The quiet, unassuming man with whom I work, who spends his whole time shuffling piles of insurance documents . . . his only name happens to be Digory Smalls, too. I always laughed at this, as did my husband, for it seemed quite fitting . . . I don’t exactly know why.
Digory said he was a foundling, or at most an orphan, brought up by God knows how many children’s homes, ever since he was discovered originally in a telephone box, abandoned as a baby in a small dusty tea chest; evidently left there by one of those distraught mothers who, more commonly than most people think, abound in this part of the city.
I was the only person to whom I believe he really spoke. He had no clue as to his blood-line at all.
So, when I showed him the manuscript, he went white as a sheet. My invalid husband, who had written it in a moment of uncharacteristic day-dreaming, had died soon after, mercifully, for both our sakes. This momento (sic) was a strange inheritance for a wife to keep, for I buried everything else that had been attached to him (including the clothes wherein his smell still lingered), maybe through disgust, but more probably through a deeper love than most wives can feel for a dead husband. The manuscript was to be burnt…

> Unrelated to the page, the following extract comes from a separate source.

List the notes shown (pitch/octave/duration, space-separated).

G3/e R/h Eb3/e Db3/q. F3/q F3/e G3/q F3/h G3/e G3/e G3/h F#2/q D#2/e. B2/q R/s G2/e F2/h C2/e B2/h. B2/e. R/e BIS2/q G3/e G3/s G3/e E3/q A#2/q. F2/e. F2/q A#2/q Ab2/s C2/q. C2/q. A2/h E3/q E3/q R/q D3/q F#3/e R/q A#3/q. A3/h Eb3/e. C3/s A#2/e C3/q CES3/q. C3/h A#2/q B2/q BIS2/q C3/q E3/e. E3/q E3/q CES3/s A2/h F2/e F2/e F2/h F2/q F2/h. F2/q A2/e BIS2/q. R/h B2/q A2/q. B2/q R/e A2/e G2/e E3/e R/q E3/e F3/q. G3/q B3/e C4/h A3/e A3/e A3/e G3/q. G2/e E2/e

My colleague Digory Smalls can no longer concentrate on insurance documents, I can tell. He will be given the sack, before long; better than waiting for “dead man’s shoes” as far as I am concerned, if I can admit to such a thought. In truth, I should never have showed him the manuscript, for he had drawn from it more than just fantasy, I could tell. Still, I could have told him (though I never did) that my own maiden name was Fitzsimmons*.
Ah well, most people you see walking along the city streets have secrets lingering in their souls which they find difficult to reveal even to themselves.

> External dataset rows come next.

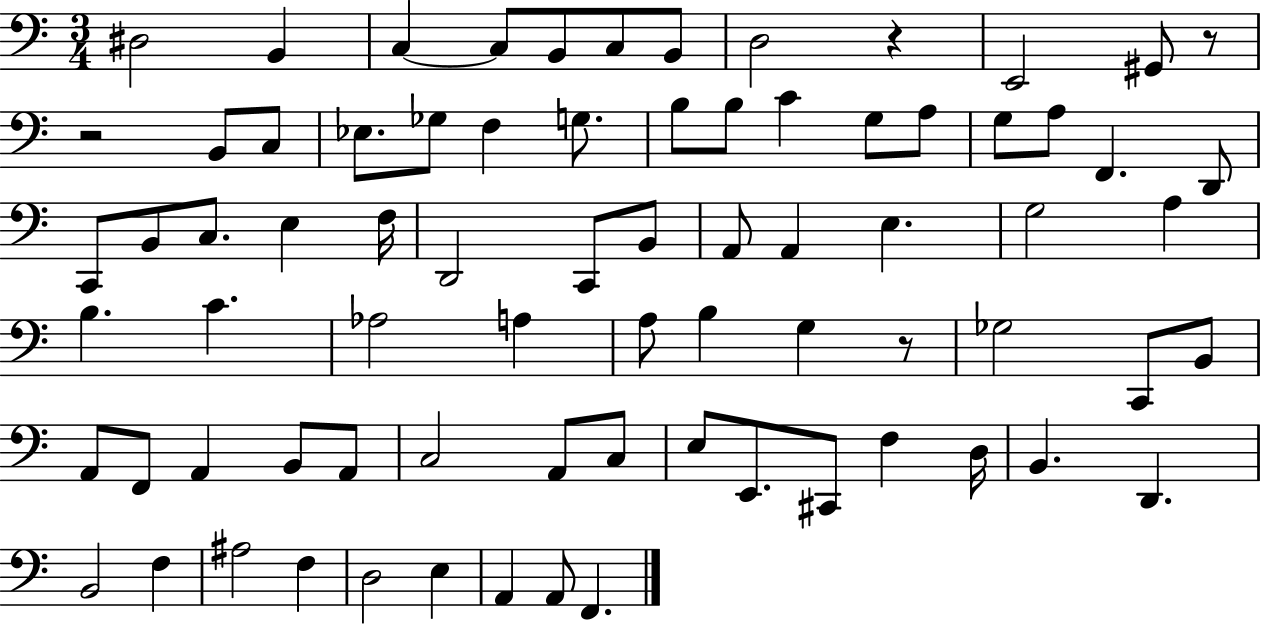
{
  \clef bass
  \numericTimeSignature
  \time 3/4
  \key c \major
  dis2 b,4 | c4~~ c8 b,8 c8 b,8 | d2 r4 | e,2 gis,8 r8 | \break r2 b,8 c8 | ees8. ges8 f4 g8. | b8 b8 c'4 g8 a8 | g8 a8 f,4. d,8 | \break c,8 b,8 c8. e4 f16 | d,2 c,8 b,8 | a,8 a,4 e4. | g2 a4 | \break b4. c'4. | aes2 a4 | a8 b4 g4 r8 | ges2 c,8 b,8 | \break a,8 f,8 a,4 b,8 a,8 | c2 a,8 c8 | e8 e,8. cis,8 f4 d16 | b,4. d,4. | \break b,2 f4 | ais2 f4 | d2 e4 | a,4 a,8 f,4. | \break \bar "|."
}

(*Fitzsimmons was the ‘Dagon’ and ‘Weirdmonger’ versions for Fitz in the STUMPS ‘Daarke World’ version.)
NOTE TO ABOVE NOTE
There were two other versions of this story:
‘Gurglings’ in ‘Wicked Mystic’ (1992): This seems roughly to follow the ‘Daarke World’ ‘Stumps’ version, except the names Digory Smalls and Fitzsimmons were used.
‘Digory Smalls’ in ‘Twisted’ (1996): again roughly like ‘the ‘Daarke World’ version, but with the names Digory Smalls and Fitz used. Strangely, the word ‘gurglings’ appears here in the story’s last paragraph as it does in the ‘Daarke World’ ‘Stumps’ version, but NOT in the ‘Gurglings’ version! There may be other imponderabilities of comparison I’ve not noticed.
Neither of these two additional versions had the ‘insurance documents’ ending reproduced above. That only appeared in the original ‘Dagon’ version (1989).
In 1989, I worked for an Insurance Company.